● PROVIDED MATERIAL
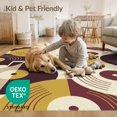 thumbnail image 4 of ODIKA 6'x9' Washable Area Rug Non-Slip, Easy Care, Layered Cd Disc Abstract Musical Collage Round Floor Covering for Family Room, Living Room, Master Bedroom, 4 of 7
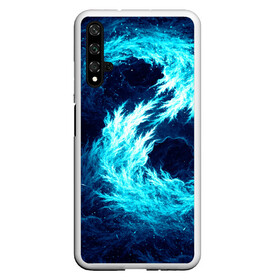 Чехол для Honor 20 с принтом Abstract fractal blue flame в Курске, Силикон | Область печати: задняя сторона чехла, без боковых панелей | abstract | colors | dark | flame | fractal | space | абстракция | космос | краски | огонь | пламя | тёмный | фрактал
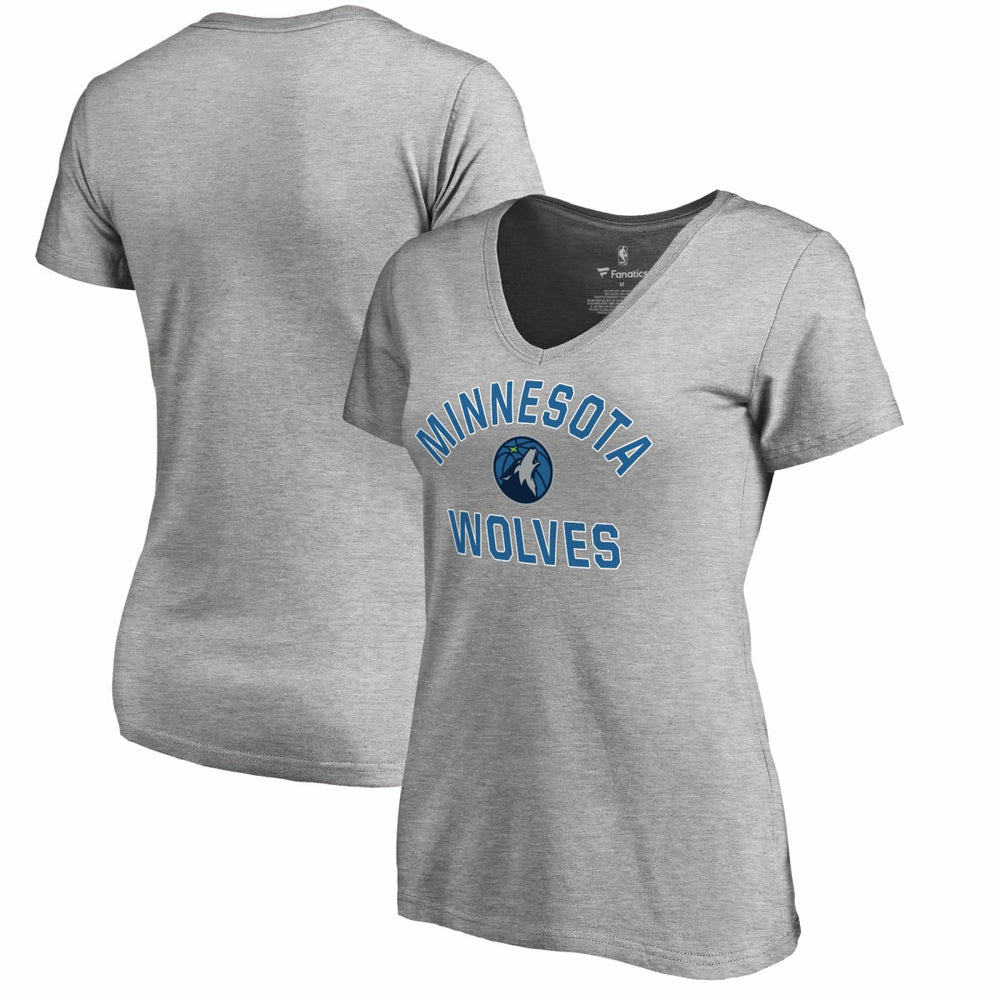 NBA - Minnesota Timberwolves Women's Overtime V-Neck T-Shirt - Heather Gray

● PROBLEM TO SOLVE
Set the pictures aside and reproduce the data above exactly.

● RESULT FOR THIS EXERCISE
 thumbnail image 4 of ODIKA 6'x9' Washable Area Rug Non-Slip, Easy Care, Layered Cd Disc Abstract Musical Collage Round Floor Covering for Family Room, Living Room, Master Bedroom, 4 of 7
 Чехол для Honor 20 с принтом Abstract fractal blue flame в Курске, Силикон | Область печати: задняя сторона чехла, без боковых панелей | abstract | colors | dark | flame | fractal | space | абстракция | космос | краски | огонь | пламя | тёмный | фрактал
 NBA - Minnesota Timberwolves Women's Overtime V-Neck T-Shirt - Heather Gray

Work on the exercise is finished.